We have performed genetic analysis on seven Japanese families with type I antithrombin (AT) deficiency by the polymerase chain reaction (PCR)/direct DNA sequencing method. Five distinct mutations including two novel ones were identified in six of seven families. All subjects investigated were heterozygous for the mutations. In one family, however, no genetic abnormality was found within the analyzed DNA sequences.
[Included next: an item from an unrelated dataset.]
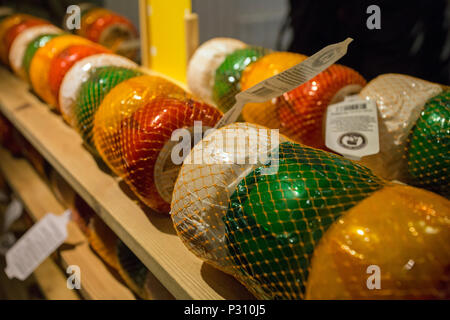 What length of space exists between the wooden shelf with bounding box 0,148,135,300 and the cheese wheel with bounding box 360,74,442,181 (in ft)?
2.43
The identified mutations were as follows: (1) a T-to-C substitution at nucleotide position 2747, which predicts an amino acid replacement of Cys (TGT) 95 by Arg, was found in two families; (2) a 4-bp deletion (-TTTC) at nucleotide position 2647-2650, which causes frameshift and a premature stop codon at codon 80; (3) a 3-bp deletion (-CTT) within nucleotide position 5356-64, which causes deletion of a Phe at amino acid numbers 121-123; (4) a C-to-T substitution at nucleotide 5381, which induces a replacement of Arg (CGA)129 by a stop codon (TGA); (5) a C-to-T substitution at nucleotide number 2745, which causes an amino acid replacement of Ala (GCC) 94 by Val (GTC).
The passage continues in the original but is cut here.